The research results show that some colleges spend three times as much as others on running their MIS function. And some spend three times as much on their finance function, and others three times as much on their HR function.
Even more surprising is that the lowest cost functions are to be found in ‘Outstanding’ colleges as measured by Ofsted. One of the highlights of the research is shown in the chart below.
The chart below shows the wide range of expenditure levels per learner, when assessing the ‘transactional’ cost of the MIS function by establishing the cost per learner. The wide range of costs is similar if you were to consider the transactional cost ‘per enrolment’ rather than ‘per learner’; though most colleges believe that the key driver of MIS costs is the learner.
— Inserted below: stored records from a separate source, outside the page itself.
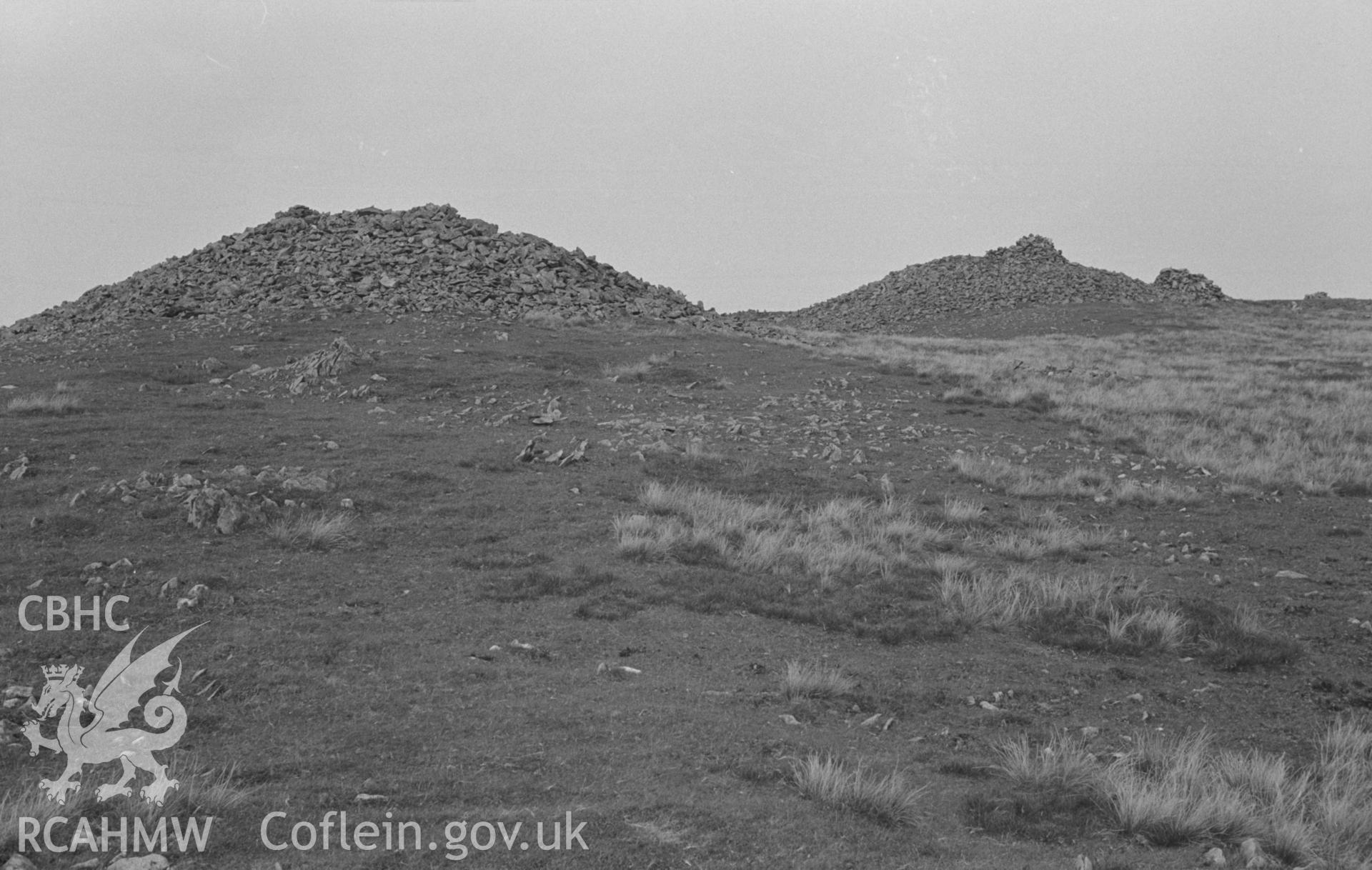 Digital copy of a black and white negative showing the summit cairns of Pen Pumlumon-Arwystli; 2427ft. Photographed by Arthur O. Chater in August 1967. (Looking north from Grid Reference SN 815 878).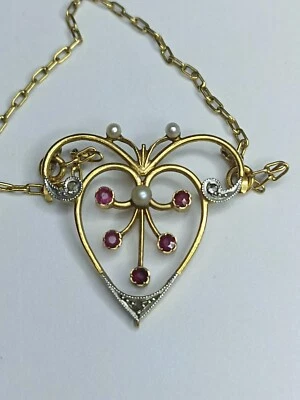 collier Ancien 19 Ème or 18 carats Rubis Diamants En Rose - Photo 1/4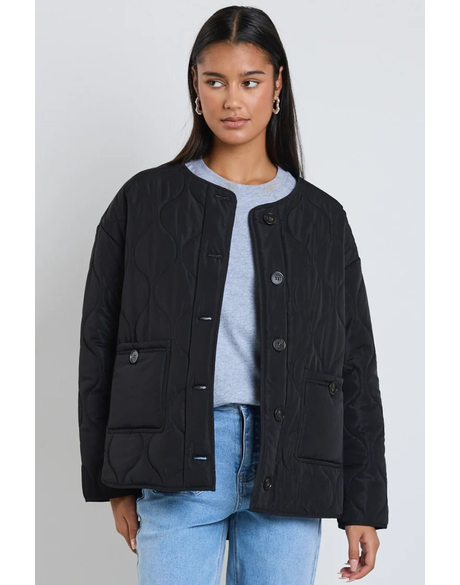 Peak Black Oversized Padded Shell Jacket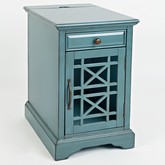 Craftsman Power Chair Side Table in Antique Distressed Blue Acacia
And to confirm the earlier comment about quality of service, this is what the Inspection Report of College 2 in the above chart said about the quality of data and MIS at College 2 which is an ‘outstanding’ college as judged by Ofsted:
“Data are accurate and accessible. Staff at all levels are able to access very detailed and useful information with which to judge the progress and outcomes of their courses. The performance management of staff is equally effective.”
The wide range of costs in the chart means that there is potential for average savings of some 60 per cent in MIS costs if all the other colleges were to structure their MIS function in line with College 2.
In cash terms the research shows an average cost benefit per college of circa £500,000. And at the lowest quartile there would still be potential savings opportunities of some 33 per cent representing £250k per college. This suggests that there are significant opportunities for colleges to reduce some of their back office costs without moving to a shared service solution.
Do you know what the transactional cost of your MIS function is (or any other support function) or how it compares to those of other colleges? Maybe a transactional cost analysis of your support functions would be a good place to start when considering the challenges of next year’s allocation.